[Saracinesca by F. Marion Crawford]@TWC D-Link bookSaracinesca CHAPTER VII 18/21
But when Gouache, who was by no means calm by nature, said anything in a particularly gentle tone, there was generally a sting in it, and Del Ferice reflected upon the mean traffic in stolen information by which he got his livelihood, and was ashamed.
Somehow, too, Donna Tullia felt that the part she fancied herself playing was contemptible enough when compared with the hard work, the earnest purpose, and the remarkable talent of the young artist.
But though she felt her inferiority, she would have died rather than own it, even to Del Ferice.

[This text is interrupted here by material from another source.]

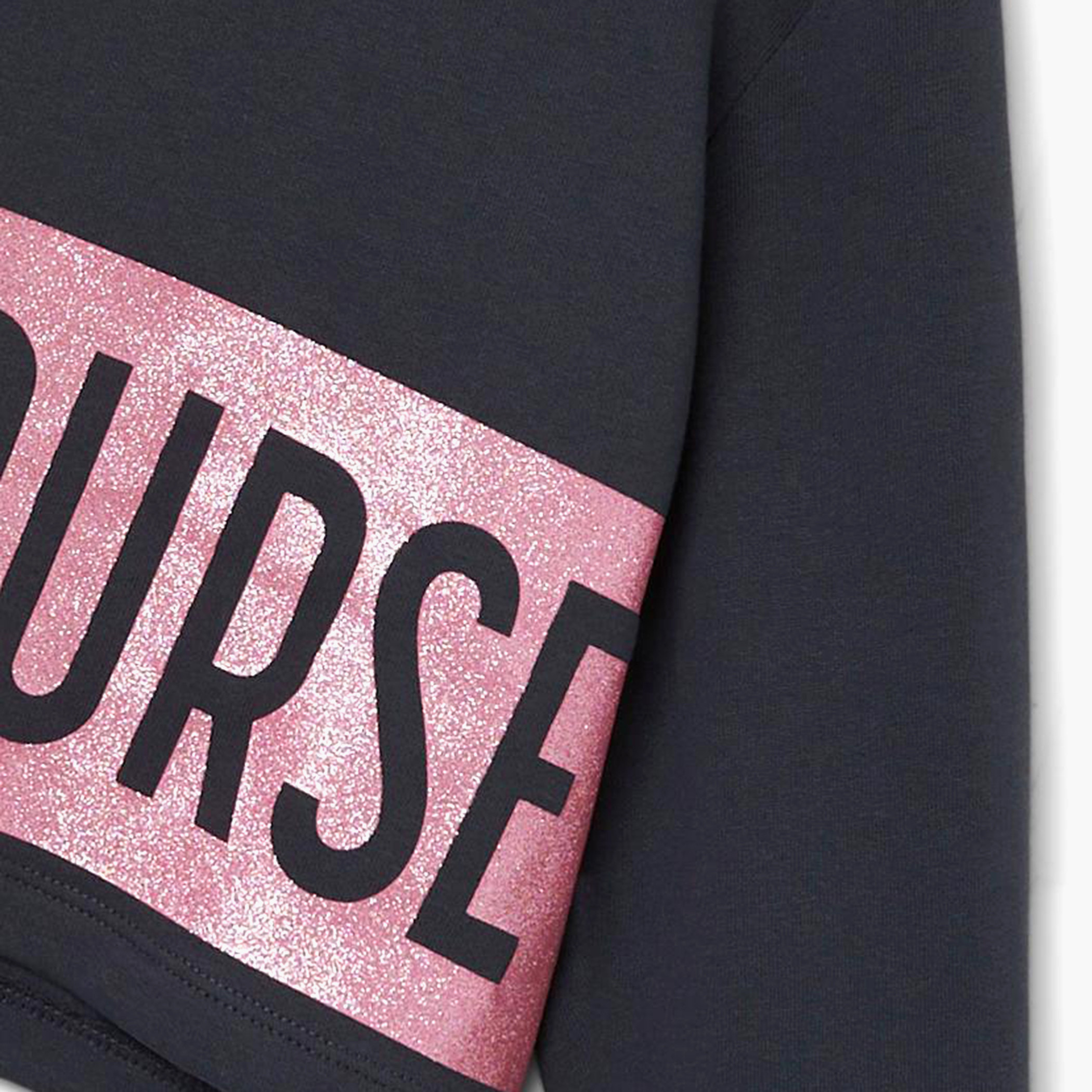 هودي بأكمام طويلة وطبعات تايبوجرافيك من نيم إت-girls-clothing-winterwear-sweatshirts-image-3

She knew that for months she had talked with Del Ferice, with Valdarno, with Casalverde, even with the melancholy and ironical Spicca, concerning conspiracies and deeds of darkness of all kinds, and she knew that she and they might go on talking for ever in the same strain without producing the smallest effect on events; but she never to the very end relinquished the illusion she cherished so dearly, that she was really and truly a conspirator, and that if any one of her light-headed acquaintance betrayed the rest, they might all be ordered out of Rome in four-and-twenty hours, or might even disappear into that long range of dark buildings to the left of the colonnade of St.Peter's, martyrs to the cause of their own self-importance and semi-theatrical vanity.
There were many knots of such self-fancied conspirators in those days, whose wildest deed of daring was to whisper across a glass of champagne in a ball-room, or over a tumbler of Velletri wine in a Trasteverine cellar, the magic and awe-inspiring words, "Viva Garibaldi! Viva Vittorio!" They accomplished nothing.